Visiting Saiho-ji Temple is a unique experience which affords one the opportunity to view a garden of rare beauty in a temple which preserves a serene and dignified atmosphere. Saiho-ji Temple is also known as "Koke-dera Temple," which means "Moss Temple," and the temple's luxuriant mossy growth is its claim to fame. Over 120 types of moss are present in the two-tiered garden, resembling a beautiful green carpet with many subtle shades.
The lower tier centers on a pond that is shaped like the Japanese character for "heart." Trees create pools of shade which play over the moss. In autumn, the maple leaves turn bright red making a vivid contrast. The upper tier is a rock garden with stone formations that resemble islands in a green sea.
Built on the site of an ancient temple, Saiho-ji Temple was restored and made into a Zen temple in 1339 by the monk Muso Soseki, who is also said to have designed the upper tier of the garden.

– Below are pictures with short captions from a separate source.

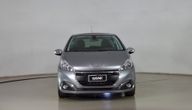 Peugeot 208 1.5 BLUEHDI 100 HP SIGNATURE Hatchback 2020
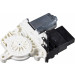Metzger | Elektromotor, Fensterheber | 2160793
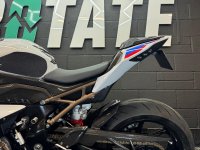 BMW S1000RR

In an effort to protect the moss from being trampled by too many visitors, the temple has adopted a restricted admission policy. Aspiring visitors must write to the temple in advance to request a reservation. Ask your hotel for advice on applying for admission. On arrival, visitors are treated to a meditation and sutra-chanting service, and then given a 90-minute tour of the garden. If you are fortunate to acquire a reservation, your visit to Koke-dera Temple will no doubt leave you with memories that will last a lifetime.